Created specifically for the vessel, the AN/ALQ-254(V)1 Viper Shield will deliver a virtual electronic shield that bolsters the aircraft’s defenses using a multiple digital radio frequency, memory-based jamming system, L3Harris announced from Melbourne, Florida on Monday.

“Viper Shield is the highest-performance, lowest-risk EW option for F-16 Vipers in an increasingly dangerous world. As the only EW system for these aircraft to successfully achieve this CDR milestone, we are one step closer to helping our global customers detect and defeat modern advanced threats,” said Ed Zoiss, president of space and airborne systems at L3Harris.

During testing conducted at the Lockheed Martin Systems Integration Lab last year, Viper Shield demonstrated interoperability with the novel APG-83 Active Electronically Scanned Array Radar.
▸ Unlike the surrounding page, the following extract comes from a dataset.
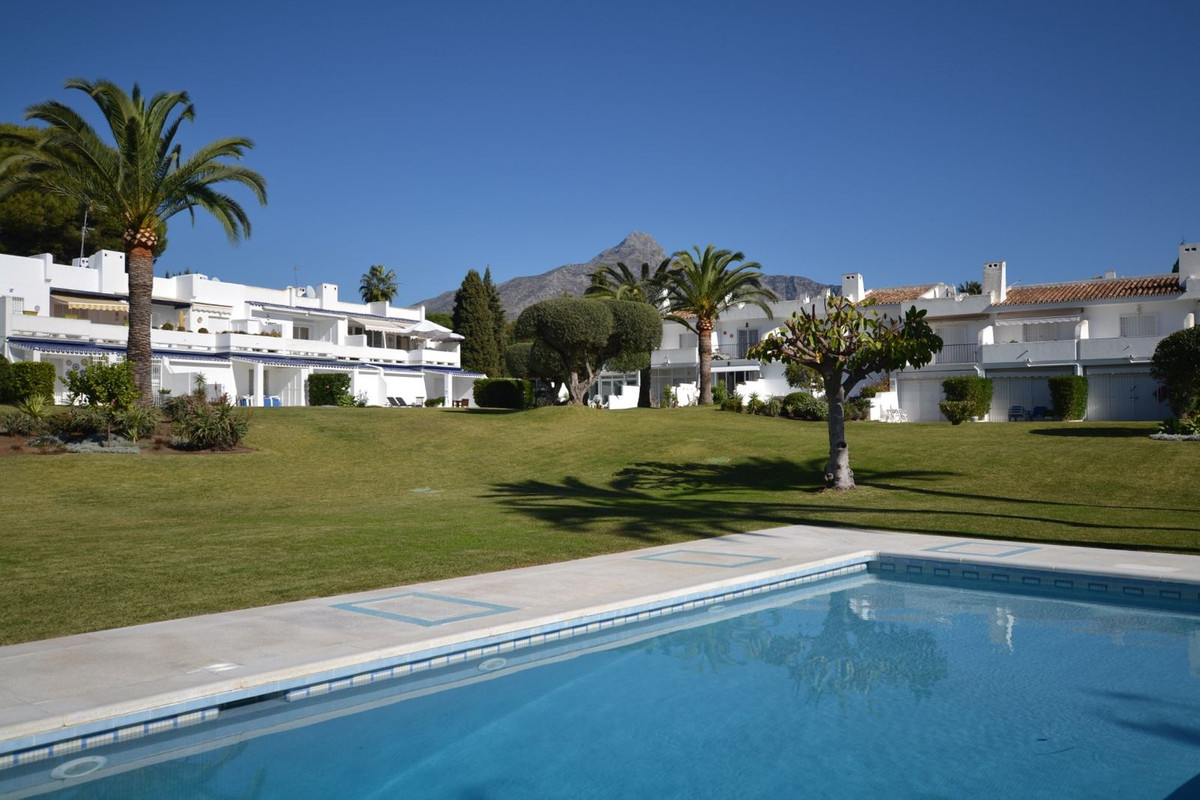 Huis te koop in Nueva Andalucía | 4 slaapkamers H5373052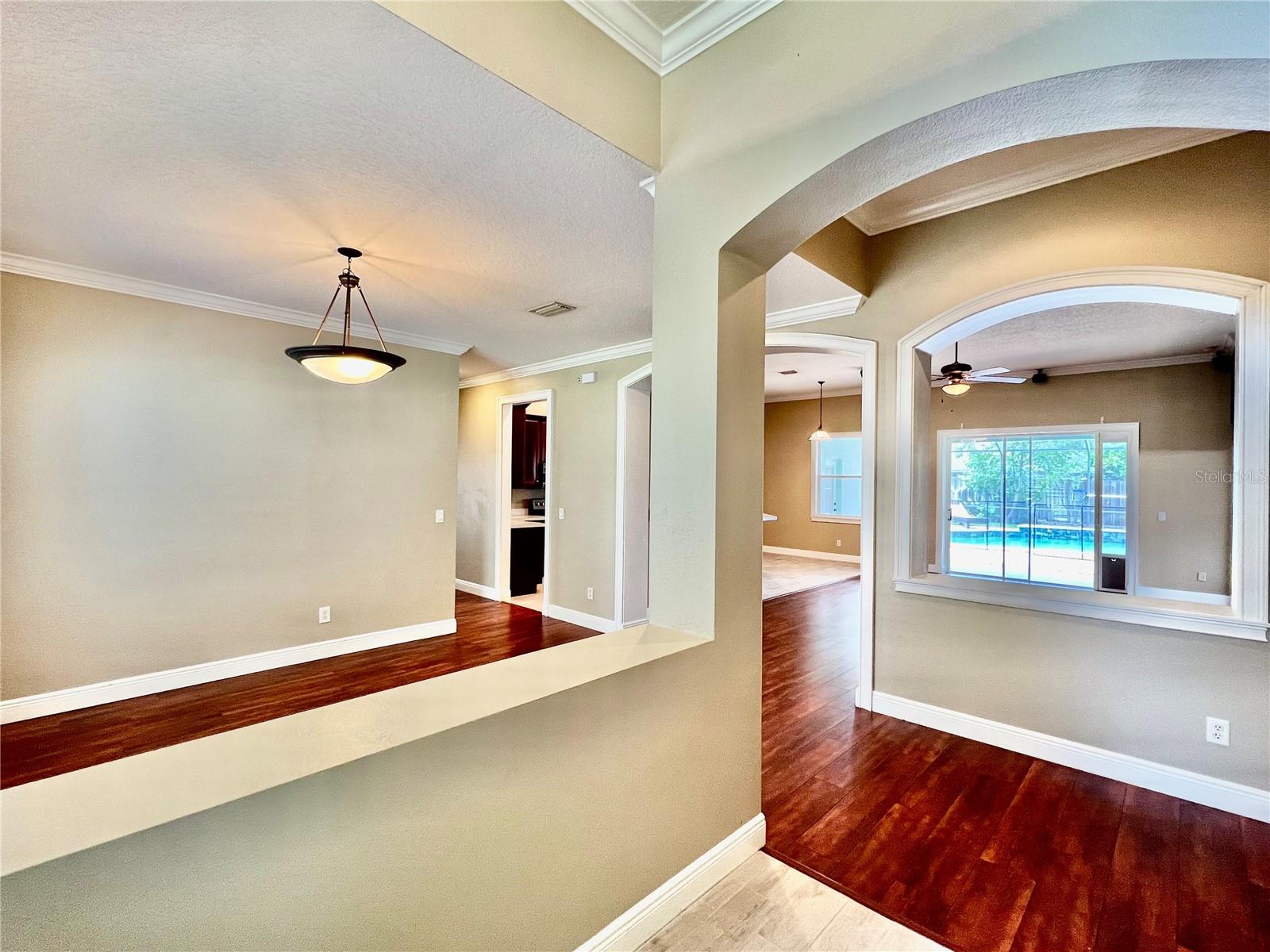 Listing photo id 2 for 2848 Duncan Tree Circle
This technology includes an open-systems architecture utilizing commercial-off-the-shelf technology, which makes the system easier to modify and reduces lifecycle costs.

Using internal research and development investments and international commitments, L3Harris eliminated the need for U.S. government funding to build the Viper Shield EW system for the aircraft.

Once new hardware and software is installed into the system, Viper Shield will return to Lockheed Martin Systems Integration Lab to assess the complete compatibility of the next set of planned capabilities with the F-16 Block 70/72 FMS aircraft. The company expects to complete the next stage of the development process in the second quarter of 2023.

L3Harris’ other work in the electronic warfare realm includes an ongoing $947 million Air Force contract, under which the company is currently improving the AN/ALQ-172 EW self-protection system used in the service branch’s B-52 aircraft. Similar to Viper Shield, the AN/ALQ-172 system is intended to counter multiple electronic spectrum threats that may impact aircraft operations.